Even your example "the worst can happen when our software has problem is someone won't get a meal on time or a meal is wasted." isn't really true. What if you ordered fish, or oysters, and they were left out too long and caused some kind of food poisoning (just as an example).

There are many levels of thinking about this problem. Maybe you can have a sticker on the package that reacts to temperature to let someone know the meal isn't safe, etc. You still have to train the user to know what it is, and when it is safe.

So in this simple example, you have software, hardware, redundancy, and user training that all have to happen. Same for things like cars or planes. You're really trying to build a safety critical system, and many times (such as the Boeing example), it isn't just software or hardware that causes the problems, but issues arise at the intersection of both.

For Boeing, it would be lack of user training, lack of good UX, possibly hardware design issues with being prone to stall, hardware issues with the angle of attack sensors, lack of enough redundancy of the angle of attack sensors to operate properly, etc.

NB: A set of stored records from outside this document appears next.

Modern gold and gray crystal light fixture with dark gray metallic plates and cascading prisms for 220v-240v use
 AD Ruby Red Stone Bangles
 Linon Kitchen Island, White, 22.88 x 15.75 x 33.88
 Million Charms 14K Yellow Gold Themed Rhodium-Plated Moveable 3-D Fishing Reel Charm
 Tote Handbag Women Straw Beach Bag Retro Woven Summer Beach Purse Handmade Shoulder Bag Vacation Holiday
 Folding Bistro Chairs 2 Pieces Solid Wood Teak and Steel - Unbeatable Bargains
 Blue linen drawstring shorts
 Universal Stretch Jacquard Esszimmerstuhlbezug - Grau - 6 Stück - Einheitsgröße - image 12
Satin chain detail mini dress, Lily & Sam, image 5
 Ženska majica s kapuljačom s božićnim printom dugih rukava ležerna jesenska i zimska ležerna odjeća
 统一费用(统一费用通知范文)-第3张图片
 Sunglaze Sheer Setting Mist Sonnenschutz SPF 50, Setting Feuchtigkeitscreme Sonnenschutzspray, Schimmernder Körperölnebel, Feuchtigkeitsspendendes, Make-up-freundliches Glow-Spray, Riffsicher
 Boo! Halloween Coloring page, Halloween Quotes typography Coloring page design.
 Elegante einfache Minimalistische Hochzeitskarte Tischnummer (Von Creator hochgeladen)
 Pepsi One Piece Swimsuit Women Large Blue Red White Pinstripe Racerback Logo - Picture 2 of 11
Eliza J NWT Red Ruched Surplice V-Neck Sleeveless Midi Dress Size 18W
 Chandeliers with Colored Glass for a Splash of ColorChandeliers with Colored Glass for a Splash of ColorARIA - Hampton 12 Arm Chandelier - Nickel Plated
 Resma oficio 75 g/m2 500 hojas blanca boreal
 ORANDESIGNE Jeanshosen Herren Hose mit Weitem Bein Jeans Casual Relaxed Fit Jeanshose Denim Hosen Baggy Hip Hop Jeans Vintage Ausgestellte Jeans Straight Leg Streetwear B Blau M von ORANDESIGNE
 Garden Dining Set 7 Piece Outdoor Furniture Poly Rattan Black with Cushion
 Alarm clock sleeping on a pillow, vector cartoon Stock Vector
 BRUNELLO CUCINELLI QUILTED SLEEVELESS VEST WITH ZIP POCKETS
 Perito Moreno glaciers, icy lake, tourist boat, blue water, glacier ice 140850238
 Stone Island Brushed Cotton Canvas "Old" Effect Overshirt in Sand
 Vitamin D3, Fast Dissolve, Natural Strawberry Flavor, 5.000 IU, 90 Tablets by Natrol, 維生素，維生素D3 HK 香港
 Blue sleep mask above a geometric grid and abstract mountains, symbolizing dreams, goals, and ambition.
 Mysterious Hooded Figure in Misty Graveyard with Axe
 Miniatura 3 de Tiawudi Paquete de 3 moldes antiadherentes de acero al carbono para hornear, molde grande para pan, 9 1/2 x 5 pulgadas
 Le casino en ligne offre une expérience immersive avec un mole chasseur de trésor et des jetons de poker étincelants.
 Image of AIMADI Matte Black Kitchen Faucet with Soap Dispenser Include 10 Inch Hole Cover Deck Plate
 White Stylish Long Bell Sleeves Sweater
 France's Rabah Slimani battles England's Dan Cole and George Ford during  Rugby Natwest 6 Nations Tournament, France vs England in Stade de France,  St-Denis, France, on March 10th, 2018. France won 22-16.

You can never get to a 0% chance of failure. Most of the time you are just attacking the highest chances of failure, since when you get down to the level of faulty parts or mechanical fatigue, things always break.

Of course, each subsystem and integration should have good testing to find all these things, but it's sadly less of a science and more of an art IMHO. And I used to work on rocket software.

Many times, the answers are more simple than you think. Simplicity usually means better operation than trying to overcomplicate error handling. Sometimes you just need to change the whole way you are thinking about the problem.

1 comments

Thank you for very interesting thoughts. Learned something new.

You were right with the counter-exaple that we have redundancy in place that is 'hardware' - mealbox stickers, production qa.